Ela explica. “Hoje, nossos padrões tendem a uma lógica de tratar homens e mulheres como desiguais em termos de superioridade. Esse juízo de valor é criado desde cedo. A gente precisa mudar o padrão da educação, criar um letramento em gênero”. Na prática, o entendimento da profissional é de que casos de violência contra a mulher, infelizmente e ainda, são tão comuns que se tornam banalizados. “Às vezes, atendemos mulheres que nem sabem que são vítimas de violência, pois veem as mesmas situações em casa, com a vizinha, com as amigas e acham normal”, relata.

Mais do que uma questão criminal, é cultural. Antes de tudo é preciso mudar o entendimento sobre a relação entre homens e mulheres colocando-as como inferiores. Ao mesmo tempo, é preciso combater os casos que já ocorrem justamente por causa desse entendimento enraizado culturalmente. “A mulher deve saber que existem outras formas de ser e estar no mundo. Ela tem direito a uma vida sem violência e a um relacionamento que não tire dela a autonomia, a liberdade e a alegria”, finaliza Jéssica.

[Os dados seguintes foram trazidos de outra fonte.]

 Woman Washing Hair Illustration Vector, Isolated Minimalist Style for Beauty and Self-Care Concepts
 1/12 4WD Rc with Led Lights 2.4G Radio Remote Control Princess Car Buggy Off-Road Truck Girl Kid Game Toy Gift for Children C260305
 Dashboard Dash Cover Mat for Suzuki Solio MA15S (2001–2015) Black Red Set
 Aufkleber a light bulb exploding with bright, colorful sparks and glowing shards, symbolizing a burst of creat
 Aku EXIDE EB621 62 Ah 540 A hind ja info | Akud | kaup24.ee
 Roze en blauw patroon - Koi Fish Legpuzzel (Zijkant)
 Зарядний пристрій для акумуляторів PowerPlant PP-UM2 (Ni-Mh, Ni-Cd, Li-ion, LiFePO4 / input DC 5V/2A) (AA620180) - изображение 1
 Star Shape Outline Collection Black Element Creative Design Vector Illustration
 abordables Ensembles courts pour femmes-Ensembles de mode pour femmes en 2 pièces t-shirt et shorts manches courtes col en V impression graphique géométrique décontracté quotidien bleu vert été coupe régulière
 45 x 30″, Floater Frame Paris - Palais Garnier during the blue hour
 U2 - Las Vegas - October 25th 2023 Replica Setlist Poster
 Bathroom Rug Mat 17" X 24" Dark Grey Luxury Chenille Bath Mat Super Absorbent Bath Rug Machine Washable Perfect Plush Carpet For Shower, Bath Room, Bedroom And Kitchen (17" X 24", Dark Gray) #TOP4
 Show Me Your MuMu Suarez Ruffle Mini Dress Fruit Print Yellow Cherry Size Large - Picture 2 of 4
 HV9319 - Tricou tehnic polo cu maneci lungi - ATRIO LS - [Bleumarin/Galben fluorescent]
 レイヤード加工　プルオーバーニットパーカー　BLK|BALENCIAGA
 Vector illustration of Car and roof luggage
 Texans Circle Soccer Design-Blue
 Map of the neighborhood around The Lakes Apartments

Se você está em uma situação de violência ou suspeita que alguma mulher esteja sofrendo algum tipo de violência doméstica, denuncie. É possível buscar ajuda na delegacia da mulher do município ou em uma delegacia comum. Há também a possibilidade de se fazer o boletim de ocorrência online. O telefone para acionar a Polícia Militar é o 190 e há também um número específico para atender situações de violência contra a mulher, o 180. O disque-denúncia 181 também pode ser acionado. Em casos de dificuldade de acesso a estas opções, a mulher pode fazer uma marca na palma da mão, um “X”, e mostrar a alguém com quem tenha contato.

O QUE DIZ A POLÍCIA CIVIL

Em nota, a Polícia Civil do Paraná não confirma os dados divulgados pelo Ministério Público do Paraná, “ porque desconhece a base de dados utilizada”. A instituição reforça que “parte das denúncias não possui continuidade por ausência de interesse da vítima, visto que muitas ações são condicionadas à representação da mesma, a qual, em muitos casos apenas registra o boletim de ocorrência e não comparece para dar continuidade, mesmo após ser intimada. Algumas já de imediato decidem não manifestar no momento do registro, ficando a denúncia suspensa pelo período prescricional”.

O texto reitera que a PCPR “trabalha constantemente no combate à violência contra a mulher, conduzindo investigações, solicitando medidas protetivas, realizando a prisão de agressores, além de realizar ações preventivas como campanhas de conscientização e orientação” e destaca que houve contratação de um grande número de profissionais recentemente, para atuar em todas as áreas da Polícia Civil.